Events of Default. The Amended Credit Facility Agreement contains events of default including, but not limited to, nonpayment of principal or interest, violation of covenants, breaches of representations and warranties, cross-default to other debt, bankruptcy and other insolvency events, material judgments, certain ERISA events, actual or asserted invalidity of loan documentation, certain changes of control of Enpro Inc. and the invalidity of subordination provisions of subordinated indebtedness.
Availability and Compliance. The borrowing availability under our Revolving Credit Facility at March 31, 2026 was $630.6 million after giving consideration to $9.4 million of outstanding letters of credit and $160.0 million of outstanding borrowings. We were in compliance with all covenants of the Amended Credit Facility Agreement as of March 31, 2026.
Senior Notes. On May 29, 2025, we completed the offering of $450 million in aggregate principal amount of 6.125% Senior Notes due 2033 (the “Senior Notes”). The Senior Notes were issued to investors at 100% of the principal amount thereof. The Senior Notes are unsecured, unsubordinated obligations of Enpro Inc. and mature on June 1, 2033. Interest on the Senior Notes accrues at a rate of 6.125% per annum and is payable semi-annually in cash in arrears on June 1 and December 1 of each year, commencing December 1, 2025. The Senior Notes are required to be guaranteed on a senior unsecured basis by each of Enpro’s existing and future direct and indirect domestic subsidiaries that is a borrower under, or guarantees, our indebtedness under the Revolving Credit Facility or guarantees any other Capital Markets Indebtedness (as defined in the indenture governing the Senior Notes) of Enpro or any of the guarantors above a specified threshold. We may, on any one or more occasions, redeem all or a part of the Senior Notes at specified redemption prices plus accrued and unpaid interest.

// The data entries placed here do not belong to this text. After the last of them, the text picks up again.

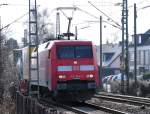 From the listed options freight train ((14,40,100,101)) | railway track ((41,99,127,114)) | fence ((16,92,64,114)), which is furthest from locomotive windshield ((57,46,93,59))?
fence ((16,92,64,114))

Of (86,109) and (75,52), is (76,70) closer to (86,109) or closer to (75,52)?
(75,52)

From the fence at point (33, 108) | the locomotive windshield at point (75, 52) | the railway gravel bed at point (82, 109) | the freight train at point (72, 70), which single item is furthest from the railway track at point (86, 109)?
the fence at point (33, 108)

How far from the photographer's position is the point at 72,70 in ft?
91.7

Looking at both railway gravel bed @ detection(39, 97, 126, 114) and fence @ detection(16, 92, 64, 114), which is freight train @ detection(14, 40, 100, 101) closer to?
railway gravel bed @ detection(39, 97, 126, 114)

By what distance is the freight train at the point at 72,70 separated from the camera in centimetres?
2773

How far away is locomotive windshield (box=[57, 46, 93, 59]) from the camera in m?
28.3

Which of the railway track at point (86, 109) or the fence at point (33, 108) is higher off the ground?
the fence at point (33, 108)

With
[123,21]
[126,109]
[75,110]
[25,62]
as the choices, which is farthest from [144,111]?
[123,21]

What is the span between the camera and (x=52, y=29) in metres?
94.8

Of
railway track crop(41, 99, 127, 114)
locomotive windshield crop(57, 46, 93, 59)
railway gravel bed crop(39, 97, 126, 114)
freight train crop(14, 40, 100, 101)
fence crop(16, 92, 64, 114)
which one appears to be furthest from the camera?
locomotive windshield crop(57, 46, 93, 59)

The indenture governing the Senior Notes includes covenants that restrict our ability, subject to specified exceptions and qualifications set forth in the indenture, to incur liens on assets, engage in certain asset sales, including sale and leaseback transactions, and merge, consolidate, transfer or dispose of all or substantially all assets. The indenture further requires us to offer to repurchase the Senior Notes at a price equal to 100.0% of the principal amount thereof plus accrued and unpaid interest, in the event that the net cash proceeds of certain asset sales are not reinvested in acquisitions, capital expenditures, or used to repay or otherwise reduce specified indebtedness within a specified period, to the extent the remaining net proceeds exceed a specified amount.

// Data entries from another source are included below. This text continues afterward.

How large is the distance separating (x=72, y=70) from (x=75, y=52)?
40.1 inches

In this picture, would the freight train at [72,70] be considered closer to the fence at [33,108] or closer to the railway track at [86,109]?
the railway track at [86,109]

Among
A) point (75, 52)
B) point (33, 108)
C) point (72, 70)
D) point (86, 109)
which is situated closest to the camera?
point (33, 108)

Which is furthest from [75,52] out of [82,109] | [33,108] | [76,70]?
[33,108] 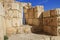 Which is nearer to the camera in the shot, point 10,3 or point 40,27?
point 10,3

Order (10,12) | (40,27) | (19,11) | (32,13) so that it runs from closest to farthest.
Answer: (10,12), (19,11), (40,27), (32,13)

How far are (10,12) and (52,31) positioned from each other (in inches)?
130

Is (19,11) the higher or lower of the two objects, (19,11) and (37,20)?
the higher

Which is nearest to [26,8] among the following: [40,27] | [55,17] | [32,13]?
[32,13]

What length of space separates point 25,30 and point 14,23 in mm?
1112

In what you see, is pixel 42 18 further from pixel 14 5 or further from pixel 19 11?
pixel 14 5

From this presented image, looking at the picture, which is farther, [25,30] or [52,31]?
[25,30]

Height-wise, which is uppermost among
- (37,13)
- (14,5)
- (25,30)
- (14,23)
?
(14,5)

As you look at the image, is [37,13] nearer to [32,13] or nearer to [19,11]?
[32,13]

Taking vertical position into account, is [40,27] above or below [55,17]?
below

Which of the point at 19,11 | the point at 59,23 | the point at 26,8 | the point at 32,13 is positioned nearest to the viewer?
the point at 59,23

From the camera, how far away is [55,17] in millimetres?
6988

Each holder of the Senior Notes may require us to repurchase some or all of the Senior Notes held by such holder for cash upon the occurrence of a defined “change of control” event. Our ability to redeem the Senior Notes prior to maturity is subject to certain conditions, including in certain cases the payment of make-whole amounts.
We applied a portion of the net proceeds from the sale of the Senior Notes to fund the redemption on June 12, 2025 of all of our outstanding 5.75% Senior Notes due 2026 (having an aggregate principal amount of $350 million) at a redemption price equal to 100% of the aggregate principal amount thereof, plus accrued but unpaid interest to, but not including, the redemption date.
At March 31, 2026, we were in compliance with all of the covenants of the indenture governing the Senior Notes.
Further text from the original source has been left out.